‘Bad Asians’ dissects Asian American views on success and shame

Lillian Li offers a story that doesn’t over-explain, allowing characters to exist fully.

‘Bad Asians’ dissects Asian American views on success and shame
Image composite of "Bad Asians" book cover with Author Lillian Li at center, photographed by Alice Liu.

Growing up Asian American, there are three kinds of Asians: Good Asians, Bad Asians and the ones who have the luxury not to care. In Lillian Li’s most recent book, “Bad Asians,” everyone is a bad Asian. 

Li’s novel centers around four friends: Diana, Justin, Vivian and Errol and their former academic rival/frenemy, Grace. When they were all in middle school, Grace filmed the four of them talking about their dreams and academic futures. Nine years later, after doing everything “right,” they graduated from college into the 2008 recession and all independently ended up moving back in with their parents, unemployed. Then Grace comes back to town. She wants to revisit the project, but when she abruptly leaves in the middle of filming, the friends think it’s dead in the water. That is, until a YouTube video is published under the title “Bad Asians.”

The group suddenly finds themselves catapulted into Wong Fu-style YouTube fame, except everyone hates them. The video was edited to caricature their personalities, and it’s not a great look for potential employers or for their image within the Chinese American community. For the rest of the book, the friend group has to navigate that. 
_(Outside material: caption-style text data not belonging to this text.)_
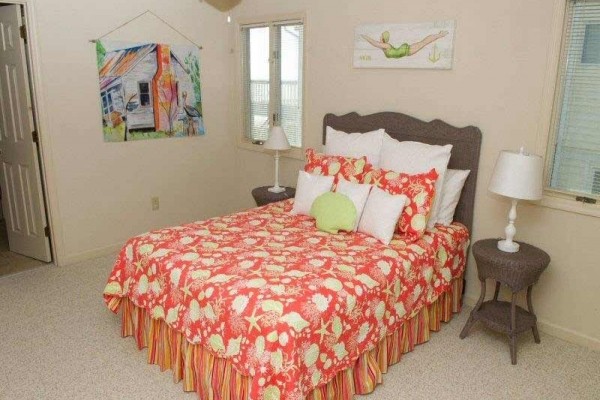 [Image: Farmer's Folly West: 3 BR / 3.5 BA Duplex in Emerald Isle, Sleeps 6]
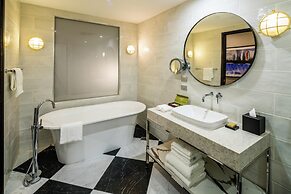 DoubleTree by Hilton Wellington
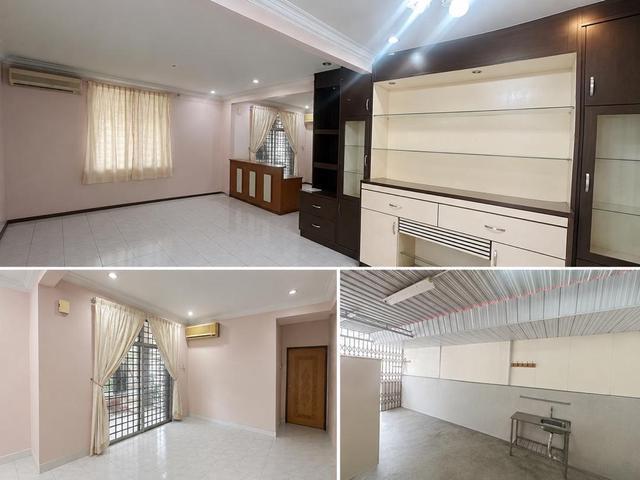 Corner Taman Batik 2 Storey semid house EXTEND BELOW MARKET PRICE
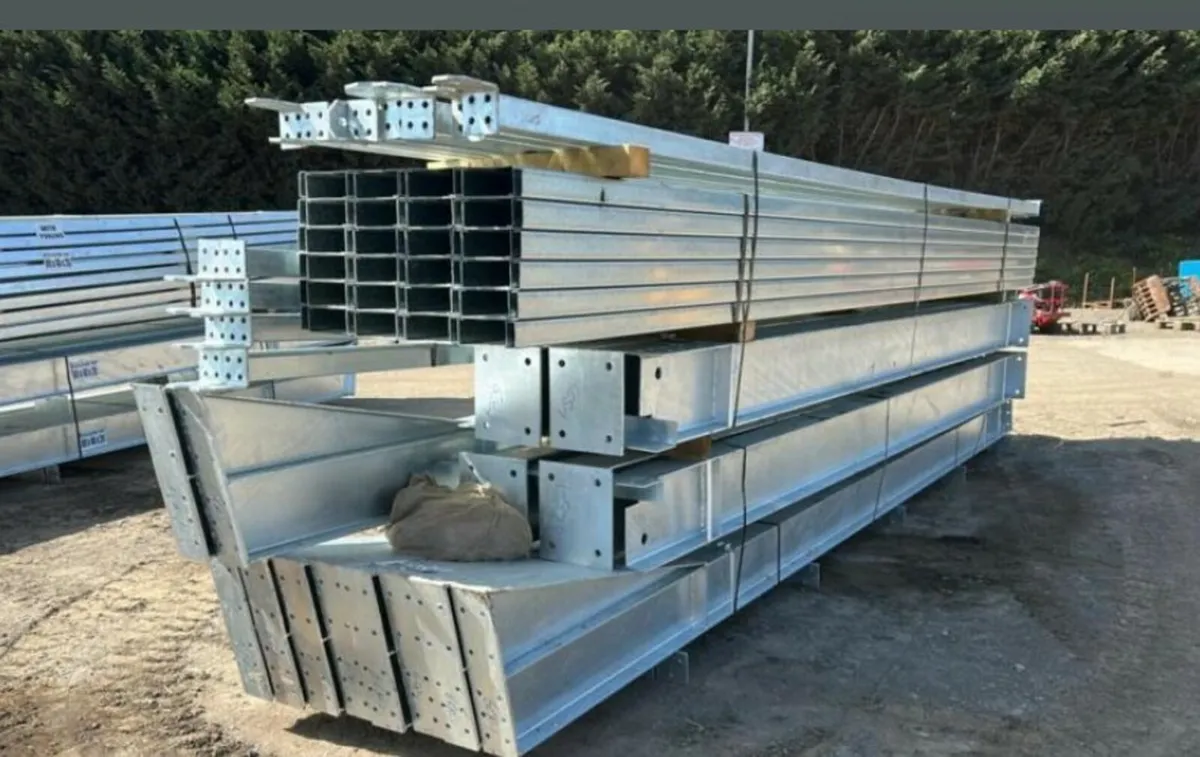 New 80 x 40' x 16'  galvanised steel portal frame - Image 1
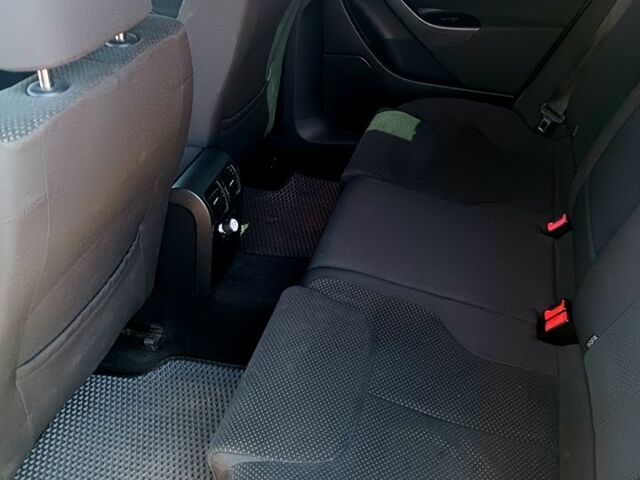 Серый Фольксваген Пассат, объемом двигателя 2 л и пробегом 320 тыс. км за 6500 $, фото 4 на Automoto.ua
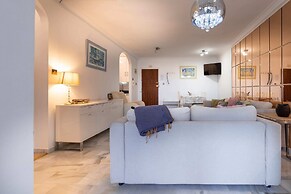 Neptune Suite-hosted by Sweetstay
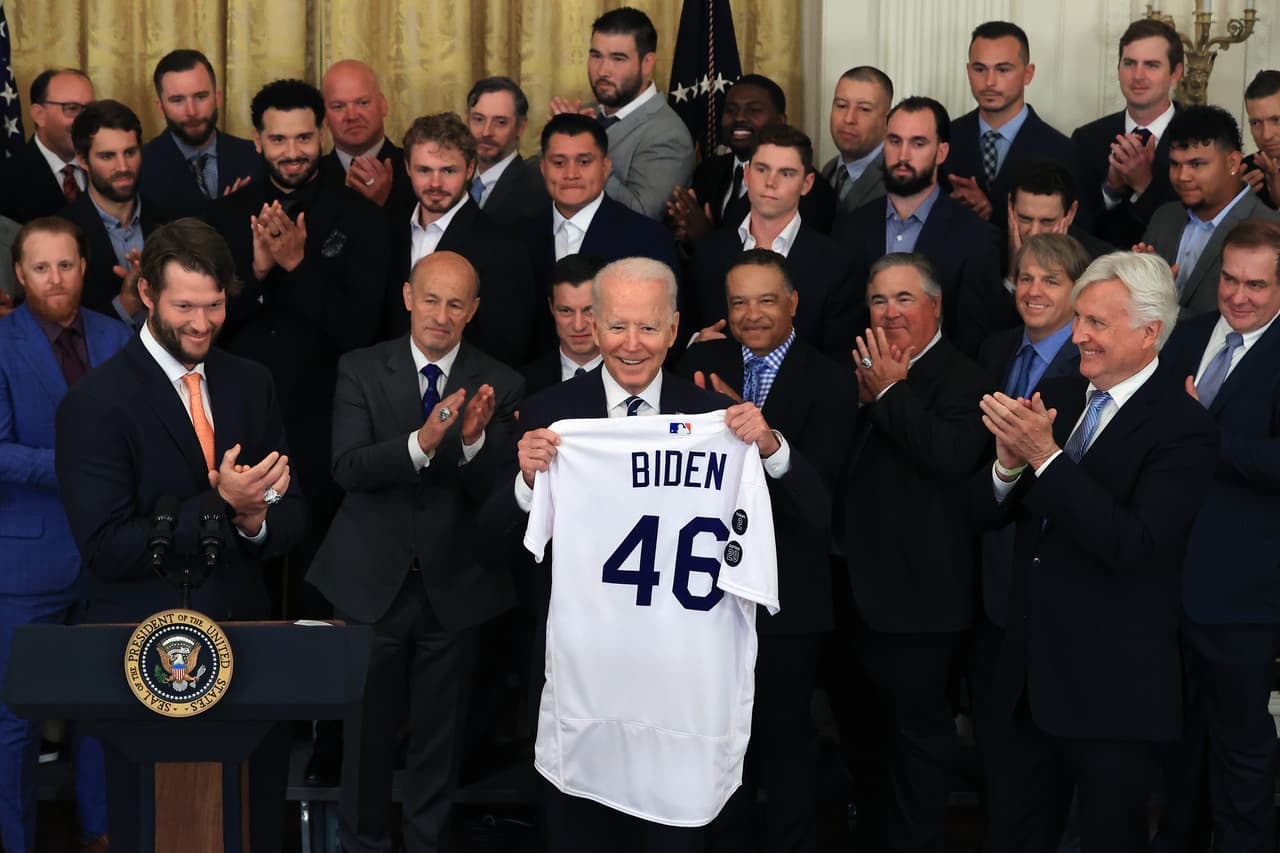 Con los mexicanos Víctor González y Julio Urías, los LA Dodgers visitaron al presidente de los Estados Unidos de América en la Casa Blanca luego de haber sido campeones en la temporada 2020 de la Major League Baseball.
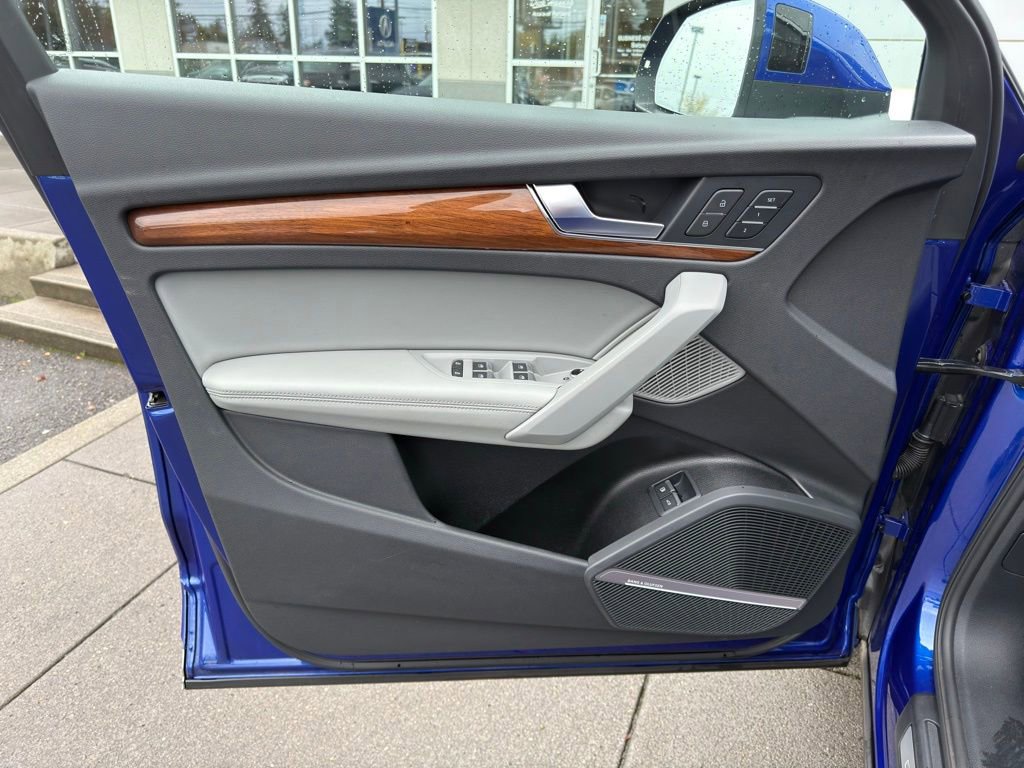 Used 2021 Audi Q5 e Premium Plus image 11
All this seems to imply that “Bad Asians” is a plot-driven novel, but it’s not. The book moves through different perspectives (except Grace’s) and seems to intentionally make the parts of the novel where they actually do anything bad less dramatic than one would expect. Even the most scandalous parts of the plot seem to pale in comparison to the dramas we regularly scroll past on our timelines today. That might just be a sign that every part of the internet has gotten more dramatic since 2009, but I think it’s a choice. 

The thing about being a “Good Asian” is that it’s not about the actual milestones and markers of success – no matter how much we try to pretend it is. These characters go to Harvard, get high-paying jobs (at some point), and are plenty filial, but they get to the top, and there’s nothing there but another mountain to climb and more people to impress. The concept of “Good” or “Bad” Asians is about perception. It’s not enough to succeed, to get into the perfect school or dominate in extracurricular activities; the myth of the “Good Asian” is a carefully constructed fiction that makes one above reproach among the gossip mill of one’s insular community. To be a “Good Asian,” one would have to not just embody the stereotype but make everyone believe they’re doing a good job 100% of the time. And that’s just not how real life works. 

A conventional path for this kind of story to take is to show the inner lives of these “Good Asians” complete the nitty gritty side of their home lives (a la “The Joy Luck Club”) illustrating that there’s more to everyone’s story.  Li gives us some of that without treading well-worn paths. There’s trouble in paradise for the two characters who have been together forever, one character is exploring his sexuality, and a lot of gifted burnout and projecting due to being pit against each other is laced throughout the book. “Bad Asians” shines in its ability to paint vignettes of second-generation Chinese immigrants in Maryland that are distinct and resist stereotypes even in their striving. None of them are angsty about their language skills. This is a book that’s for Asian Americans. It doesn’t over-explain cultural nuances and doesn’t let anyone stay in a box of good or bad. 

But the book falls slightly short in its efforts to weave these compelling portraits together. The storytelling is hard to follow at times due to the shifting third-person points of view, the number of main characters, along with their parents’ backstories/gossip. The friends and Grace often make decisions that don’t make a ton of sense given the circumstances. 

Despite this, Lillian Li has delivered an interesting read featuring second-generation Chinese Americans in all their messiness. Maybe they’ll give someone else the permission not to care what kind of Asian they are.